Debug access to the AI tree
wesnoth.debug_ai(side)
-- has been added. The function only works in debug mode and returns a table containing the component tree of the active AI for a side, the engine functions and the accessor to the ai.* table of the LuaAI Also allows the user to execute stages and evaluate/execute candidate actions(eval and exec can be run independently).
Structure of the table(example):
{
stage_hello = function: 0x6dc24c0,
ai = #the ai table,
data = {
},
do_moves = function: 0x6dc2590,
candidate_action_evaluation_hello = function: 0x6dc2560,
candidate_action_evaluation_hello2 = function: 0x6dc2640,
components = {
id = "",
stage = {
another_stage = {
name = "another_stage",
id = "",
exec = function: 0x17cd3bb,
engine = "lua",
stg_ptr = "userdata: 0x7c5a8d0"
},
testing_ai_default::candidate_action_evaluation_loop = {
name = "testing_ai_default::candidate_action_evaluation_loop",
candidate_action = {
external = {
name = "external",
id = "",
exec = function: 0x17cd2f3,
engine = "lua",
ca_ptr = "userdata: 0x6fb3600"
},
second = {
name = "second",
id = "",
exec = function: 0x17cd2f3,
engine = "lua",
ca_ptr = "userdata: 0x6fb2f50"
}
},
id = "ca_loop",
exec = function: 0x17cd3bb,
engine = "",
stg_ptr = "userdata: 0x6fb2728"
}
},
engine = "",
name = ""
},
candidate_action_execution_hello2 = function: 0x6dc2670,
candidate_action_execution_hello = function: 0x6dc2530
}
The fields described as " name = function: 0xXXXXXXXX" are functions and can be called to using the usual function call syntax of Lua.
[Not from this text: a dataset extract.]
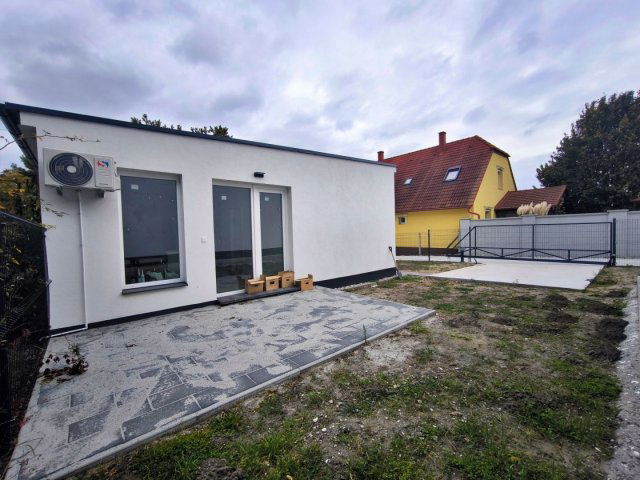 Eladó családi ház, Bőnyön 65.8 M Ft, 4 szobás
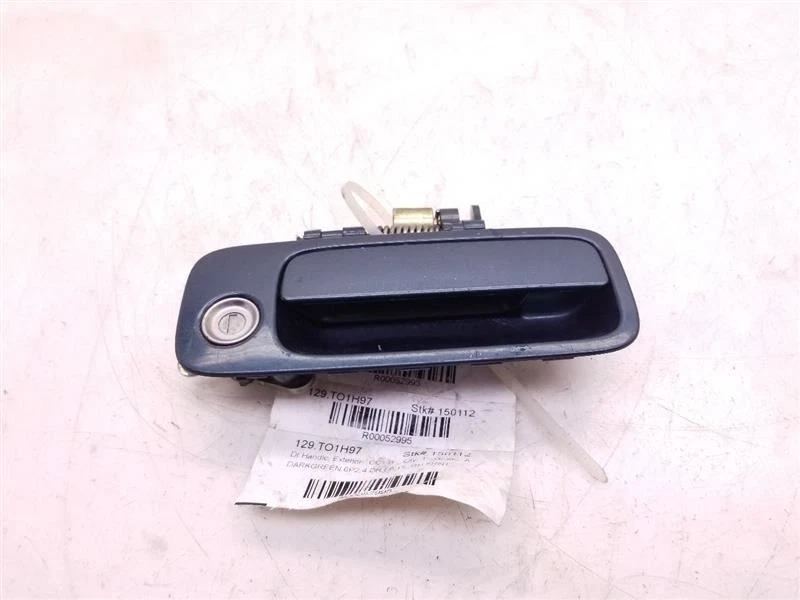 Manija de puerta exterior derecha del pasajero delantero Toyota Camry Le 97 Foto 4 de 4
wesnoth.debug_ai(2).ai -- will return the AI table of the Lua AI context.
wesnoth.debug_ai(2).stage[another_stage].exec() -- will execute the stage.
wesnoth.debug_ai(2).ai.get_aggression() -- will the return the current value of the aggression aspect of the AI
Therefore, we have up-to-date access to the whole AI, including the data segment.
NB!: the back-end of this function will be refactored quite drastically and that may involve usage syntax changes. This shouldn't be a big problem, since this function is only used for debugging and won't work in non-debug mode. If something suddenly stops working for you, come back to this page and watch the updates.